**WHAT THE EXERCISE ASKS:** Omit every picture, then return the listing verbatim.

◇ ◇ ◇ ◇ ◇

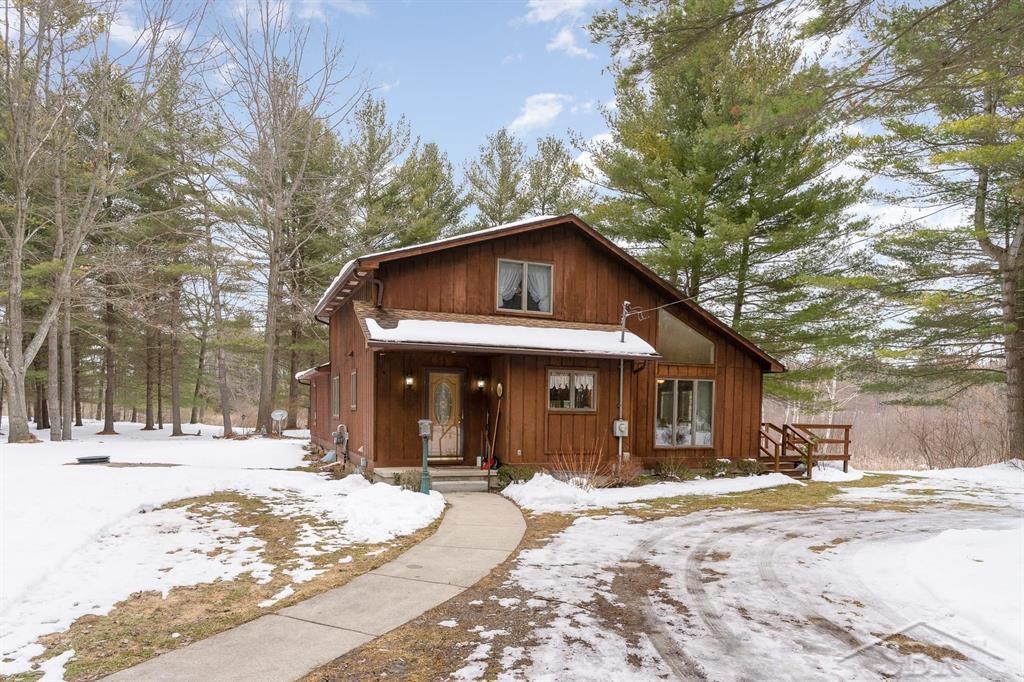 3355 Burgess Road Beaverton, MI 48612 - Photo 8 of 38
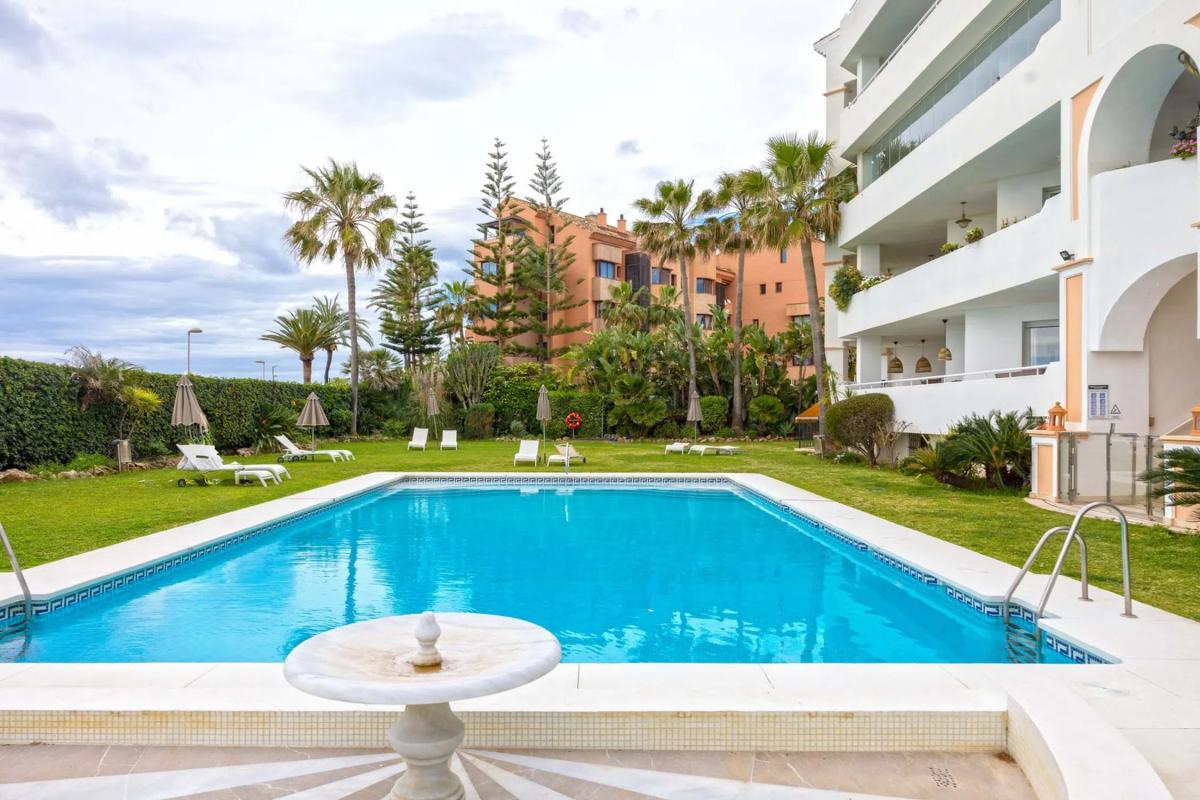 Sale of apartment in Calle Margarita s/n, Marbella
 photo 5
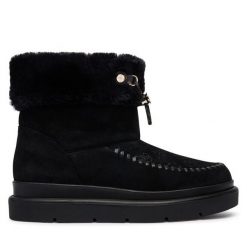 Śniegowce Guess. Czarne śniegowce damskie Guess. Za 714.99 zł.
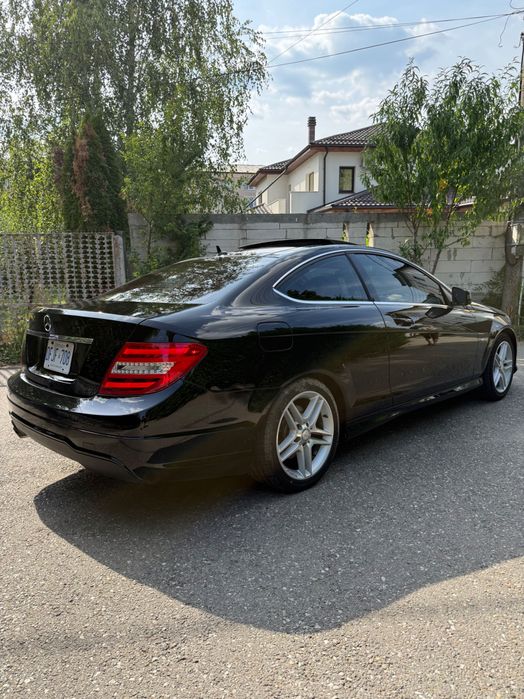 Mercedes Benz C250 (Benzina)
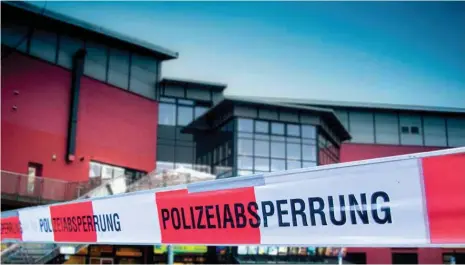  ?? Foto: privat/montage HZ ?? Auf dem Kino-parkplatz im bayrischen Erding fielen fünf Männer über drei Arbeiter aus dem Ostblock her. Schläger und Opfer stehen in Beziehung zu einer Heidenheim­er Firma, die Arbeitgebe­r und eventuell auch Auftraggeb­er der Schläger war.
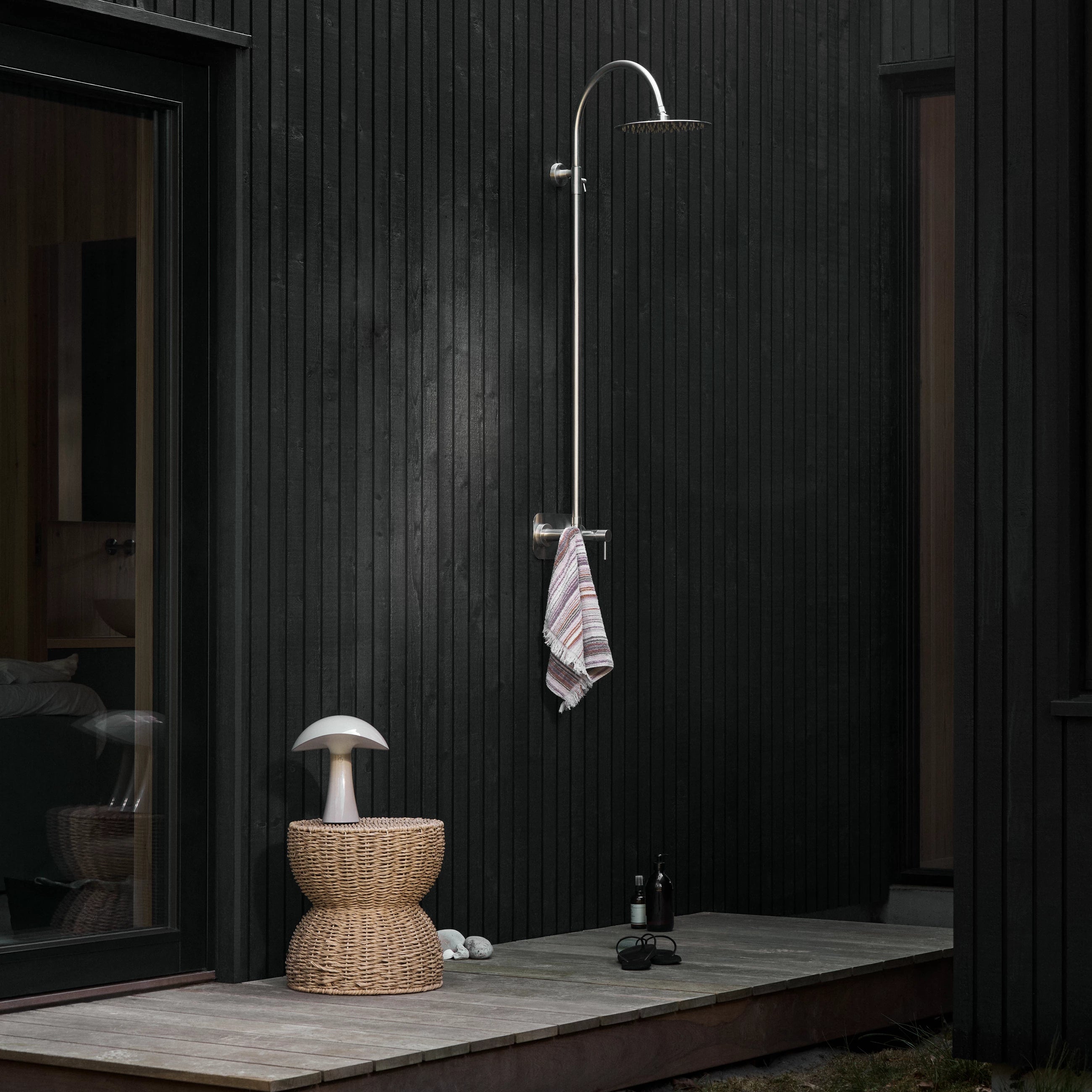 Rumee 220 Portable Lamp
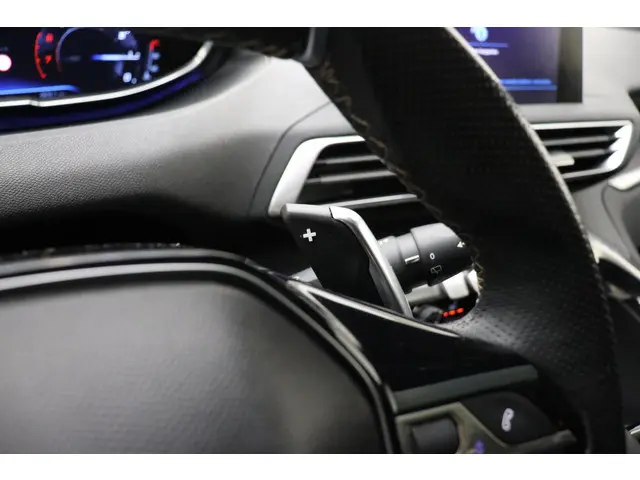 Peugeot 3008 1.6 e-THP GT Line 2018 Benzine 34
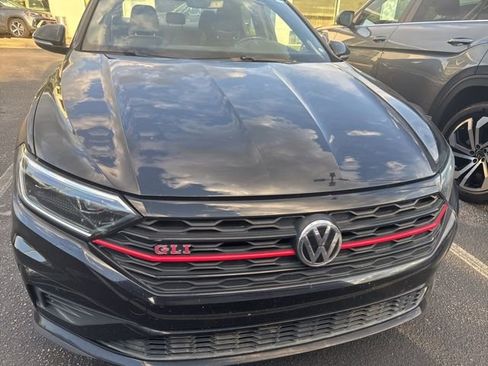 Used 2019 Volkswagen Jetta GLI FWD image 2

◇ ◇ ◇ ◇ ◇

**WRITTEN SOLUTION:**
 3355 Burgess Road Beaverton, MI 48612 - Photo 8 of 38
 Sale of apartment in Calle Margarita s/n, Marbella
 photo 5
 Śniegowce Guess. Czarne śniegowce damskie Guess. Za 714.99 zł.
 Mercedes Benz C250 (Benzina)
  ?? Foto: privat/montage HZ ?? Auf dem Kino-parkplatz im bayrischen Erding fielen fünf Männer über drei Arbeiter aus dem Ostblock her. Schläger und Opfer stehen in Beziehung zu einer Heidenheim­er Firma, die Arbeitgebe­r und eventuell auch Auftraggeb­er der Schläger war.
 Rumee 220 Portable Lamp
 Peugeot 3008 1.6 e-THP GT Line 2018 Benzine 34
 Used 2019 Volkswagen Jetta GLI FWD image 2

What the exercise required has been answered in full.